**What the task requires:** Your output should be the lines below from the one with "SYSTEM Womens Green" through the one with "SUPVOX 2Pcs Miniature", copied exactly, pictures excluded.

**Material supplied:**
»»

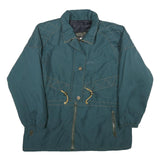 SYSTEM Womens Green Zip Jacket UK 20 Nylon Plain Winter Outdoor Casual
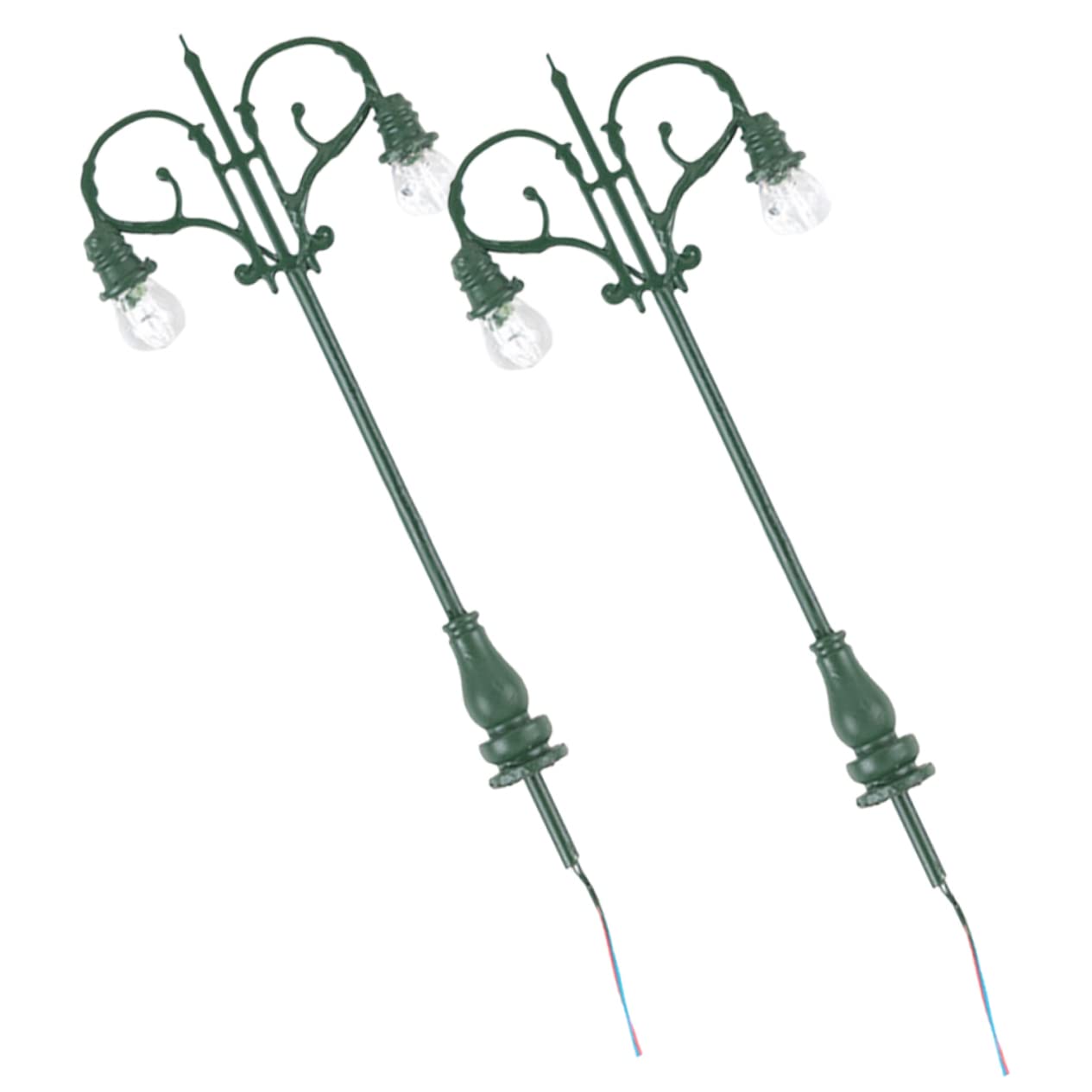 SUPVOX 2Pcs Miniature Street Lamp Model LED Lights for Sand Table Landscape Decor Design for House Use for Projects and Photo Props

««
»»

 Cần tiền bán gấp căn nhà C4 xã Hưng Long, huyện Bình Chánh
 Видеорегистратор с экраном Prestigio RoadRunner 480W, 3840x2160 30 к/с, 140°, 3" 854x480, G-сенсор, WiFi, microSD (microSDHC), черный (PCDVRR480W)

««
»»

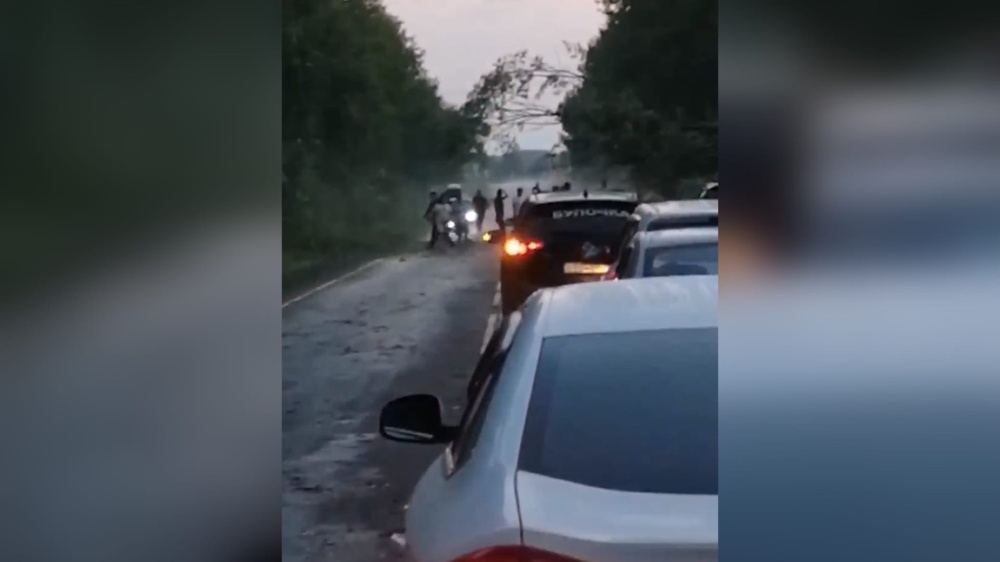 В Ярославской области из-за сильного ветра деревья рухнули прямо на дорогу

««

**Answer below:**
 SYSTEM Womens Green Zip Jacket UK 20 Nylon Plain Winter Outdoor Casual
 SUPVOX 2Pcs Miniature Street Lamp Model LED Lights for Sand Table Landscape Decor Design for House Use for Projects and Photo Props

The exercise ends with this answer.